当たり前だったことが当たり前でなくなり、すさまじい勢いでオンライン化が進んでいく。
得たものも大きいが、失ったものも大きい。人と人の触れ合いが極端に減少し、接客が必要な業種が苦境に陥っている。
音楽業界も、まさにその1つだ。
ASKAは、自らとファンの境遇に重ねていく。
CHAGE and ASKAとTUG of C&Aの境遇から、ASKAとFellowsの境遇へ。
ASKA自身も、メジャーからインディーズへ、既婚から独身へ。
なんか今、世の中が僕たちの真似をしているみたいだね、と。
だからこそ、今必要なのは「ロマン」だ。と、ASKAは、歌う。
人々の心が沈んでいるからこそ、明るく前向きな気持ちで夢を持つことが大切だ。
そうすれば、打開する道は開けてくる。
だって、ASKAとFellowsは、もはや立ち直れないのではないか、と思えた境遇から、鮮やかに立ち直ったじゃないか。
この曲で描かれる主人公の発想は、常にポジティブだ。
たまたま見た時計の時間が昨日と同じだったら、そこに幸せを感じる。芽生えた愛に永遠を感じる。
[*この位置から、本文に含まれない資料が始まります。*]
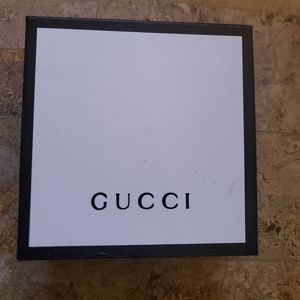 Gucci gift box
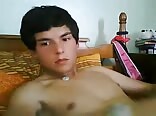 Ado rêveur se branle la bite bien dure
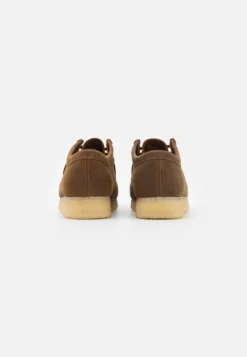 Clarks Originals Wallabee - Zapatos Con Cordones - Beeswax -Zapateria Top 620508160bc44f76a13e3b871dac4c46 scaled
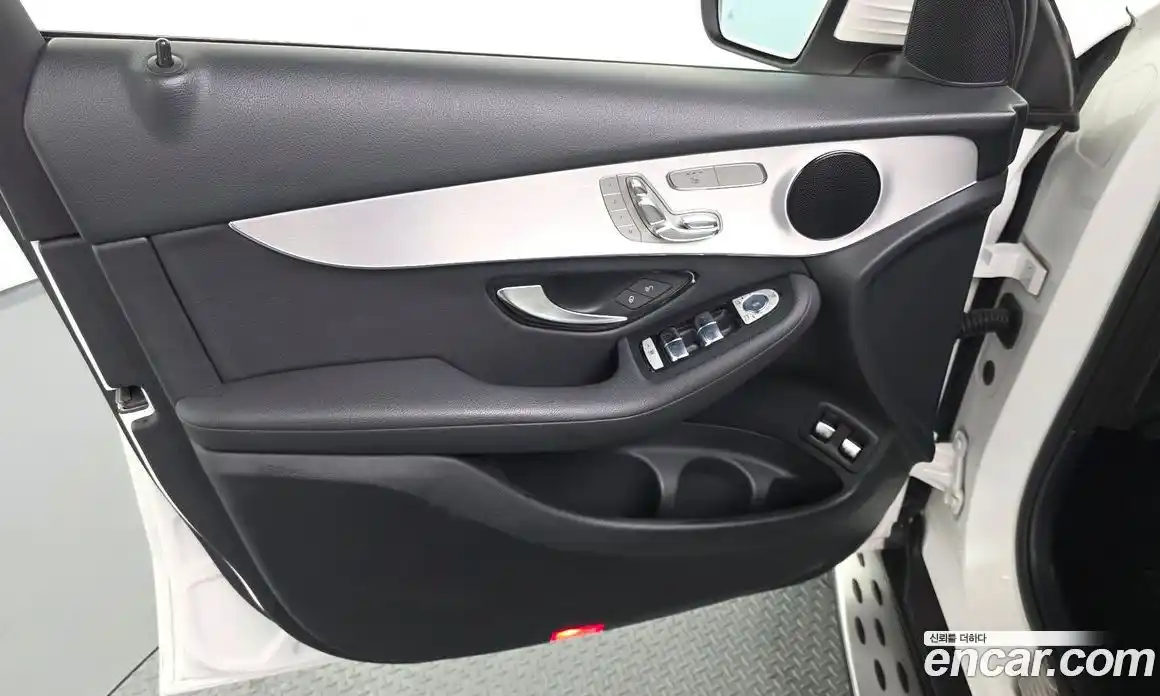 Mercedes-Benz GLC-Class 2019 2.0 гидро, фото 13 Mercedes-Benz GLC-Class 2019 2.0 гидро, фото 13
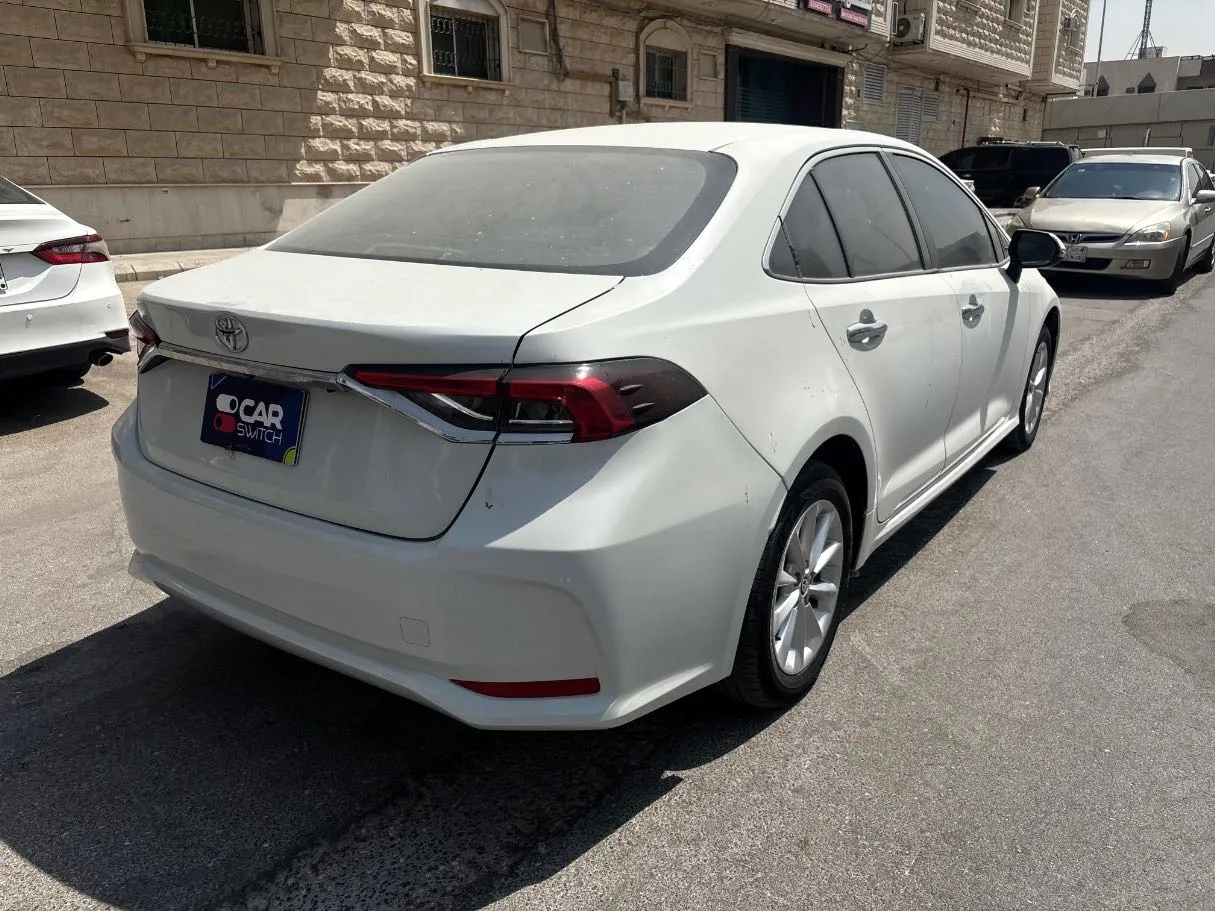 Car image 5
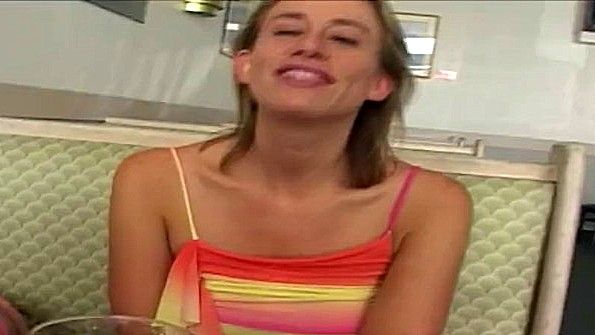 Встреча с негром в кафе закончилась крутым трахом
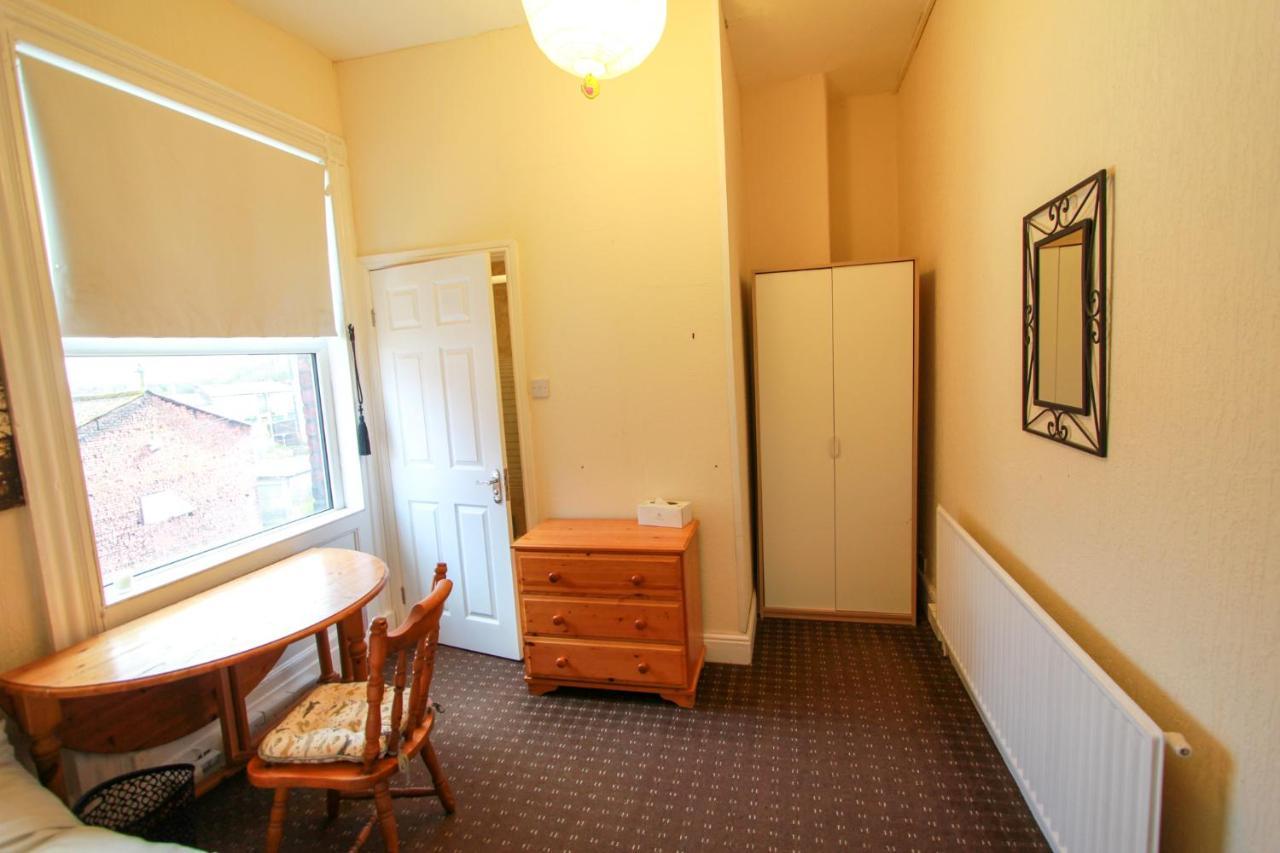 Central Bolton Accommodation Exterior photo
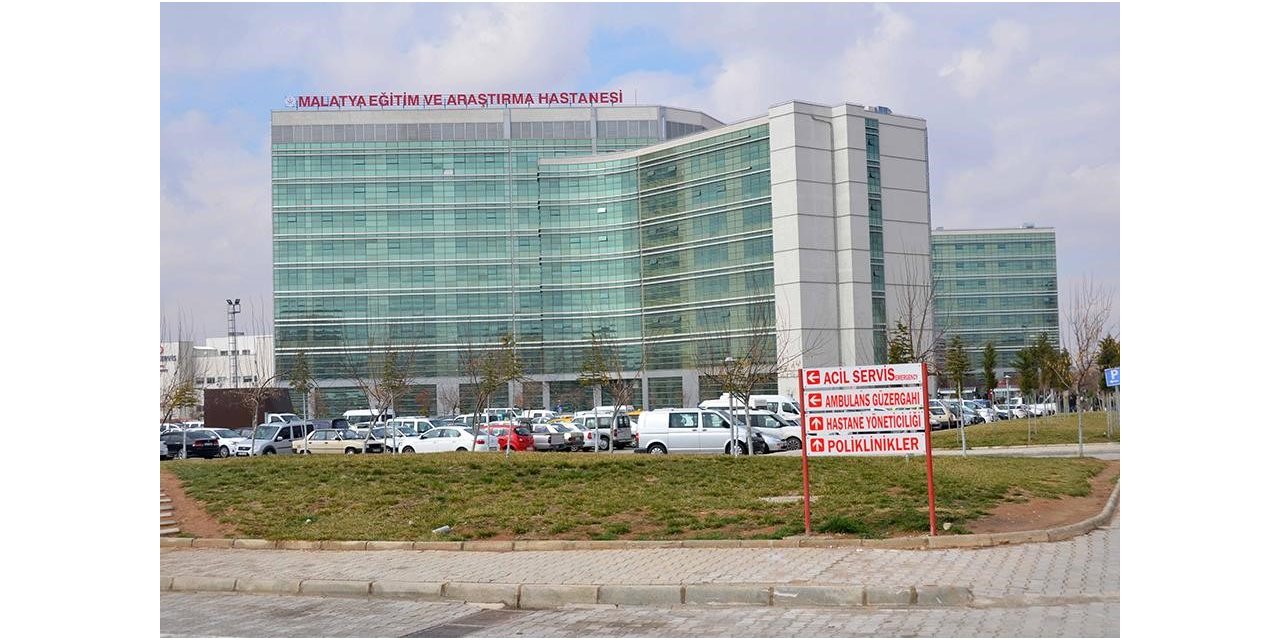 Konteyner indirilirken yaralandı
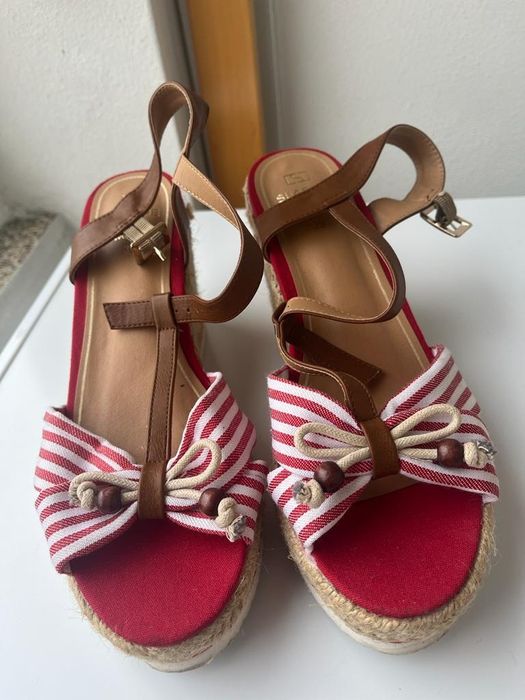Sapatos vermelhos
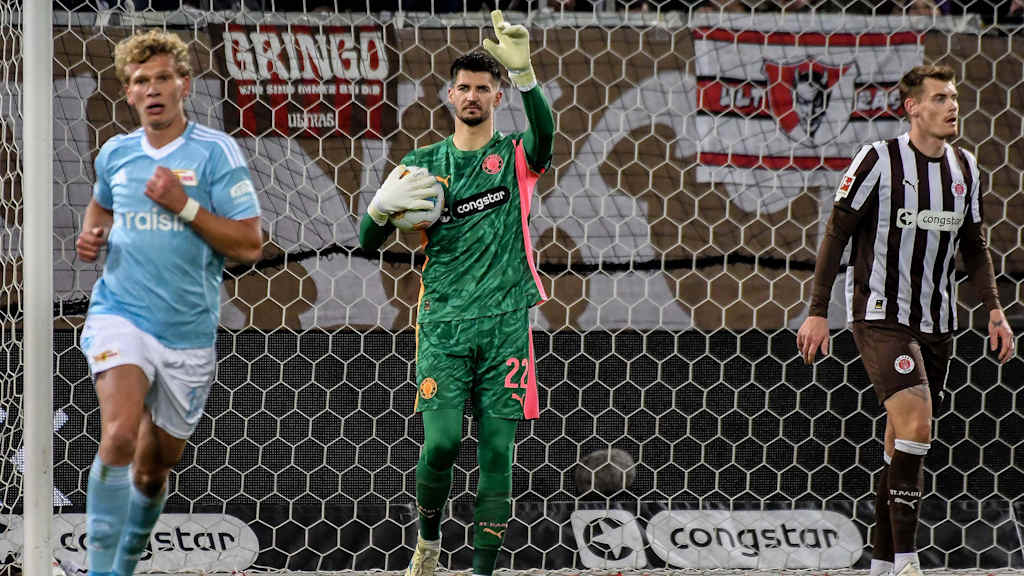 St. Pauli Keeper Nikola Vasilj hält den Ball in der Hand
そして、みんなで幸せの黄色い風船を空に向けて放ち、新しい幸せを感じようじゃないか、と扇動するのだ。
「黄色い風船」は、おそらくアメリカ民謡「黄色いリボン」や日本映画『幸せの黄色いハンカチ』によって、黄色が幸せを願う象徴となっているのが起源だろう。
私は、この楽曲を聴きながら、「みんなで幸せになりたいね」と歌った名曲「世界にMerry X'mas」の理念を思い起こした。
ASKA独特の甘く優しいラブソングの歌い回しでありながら、壮大な人類愛を歌いあげているからだ。
そして、Cメロにレゲエを取り入れて、強く印象づけているのも聴きどころ。時計から得た幸福と、自らが想起したおとぎ話を膨らませながら、実際に膨らませる黄色い風船と掛けている。
早くコロナ禍を克服し、世界中のみんなが幸せになろうよ。
「歌は世につれ世は歌につれ」
人類愛を歌ったこの楽曲が連鎖するように世界中に広がり、幸福が広がることを願っている。